Does anyone press the ECO button when you drive? Is this function ON really save on gas? In the beginning, I have to press the button to turn on, but now When I start the engine, the eco button is automatic ON. Anyone know why? Any thought on save gas?


----------



## haunted reality (Apr 18, 2001)

derekroutan said:


> Does anyone press the ECO button when you drive? Is this function ON really save on gas? In the beginning, I have to press the button to turn on, but now When I start the engine, the eco button is automatic ON. Anyone know why? Any thought on save gas?


I'm wondering the same thing, just got a 11 Routan, my 09 did not have this. I do notice that it shifts much sooner and you do lose some power, not sure how much fuel it saves. Mine does not automatically come on unless I left it on last time I drove it.


----------



## huskerdave (Oct 21, 2011)

This is a new feature that I do not like. The shifting happens too soon on city streets so not alot of power. On most websites it supposed to give you a better gas mileage. I have an 11 SE and I do not see the difference. The ECO is always off on mine.


----------



## sladethesleeper (Oct 28, 2011)

From what I read, the ECO button causes lower RPM shift points, actually skips some gears, and causes the torque converter to lock up at a lower RPM. It also requires more pedal travel prior to downshifts.

I haven't run it in ECO other than when I test drove the van. But, since I just bought mine, I want the transmission to shift normally for the first 500 miles or so. Then I'll give the ECO button a try to see how it compares.


----------



## Steveaut (Sep 16, 2010)

I have a 2010 SEL. The ECO button on the 2009 and 2010 tell the driver when they are driving the most economical. The light will teach the driver how to drive for the best fuel mileage and savings. But it is only an indicator light on the 2009 and 2010.
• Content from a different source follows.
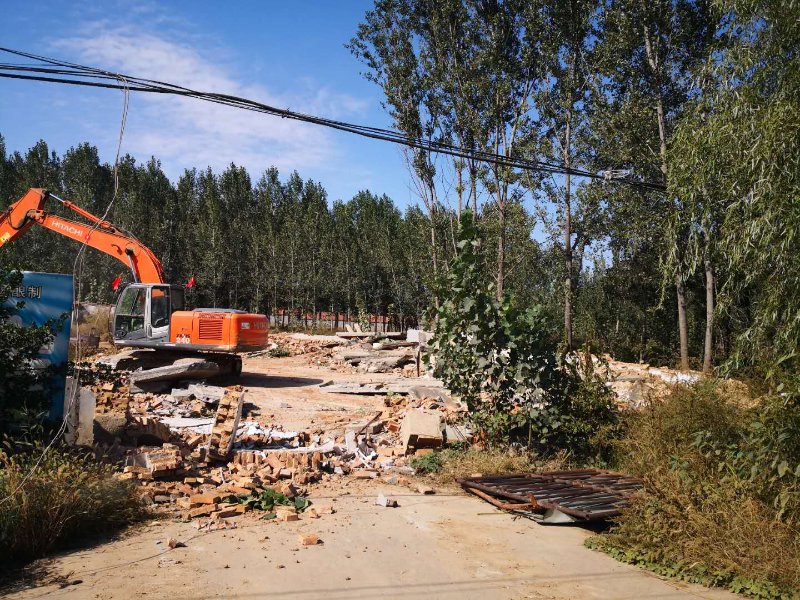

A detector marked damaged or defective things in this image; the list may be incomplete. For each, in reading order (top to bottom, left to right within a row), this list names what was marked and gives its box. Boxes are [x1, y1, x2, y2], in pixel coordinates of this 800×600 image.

The 2011 does not require the driver's input. When the ECO is turned on, the vehicle will automatically change the shift points and lockup sooner to improve efficiency, ie, fuel mileage and savings. Personally, I wish my 2010 had this option. It's nice to let the vehicle make the decisions and do the work to save me money. At the price of fuel, I am willing to sacrifice some power and take an extra 5 minutes to get somewhere. I do use the ECO light on my 2010 to tell when I am saving money. It's a nice reminder.

As far as does it work, it absolutely works. It may not be a huge savings if you are a conservative driver already, but if you are heavy on the pedal or otherwise agressive, it will be a noticeable savings, but you will also notice a decrease in performance. Each owner will have to decide what the savings is worth to them. Some people will want to maximize the savings while others don't mind spending the money to have the performance. But if you use it, it will save you fuel. Keep in mind, the savings will also vary based upon other variables such as city versus highway, driver, maintenance, etcetera. It all adds up.


----------



## Manda Siegrist (Jul 29, 2021)

haunted reality said:


> I'm wondering the same thing, just got a 11 Routan, my 09 did not have this. I do notice that it shifts much sooner and you do lose some power, not sure how much fuel it saves. Mine does not automatically come on unless I left it on last time I drove it.


I also have a 2011 routan and my eco button don't even turn on. Don't know if thats a good thing or not


----------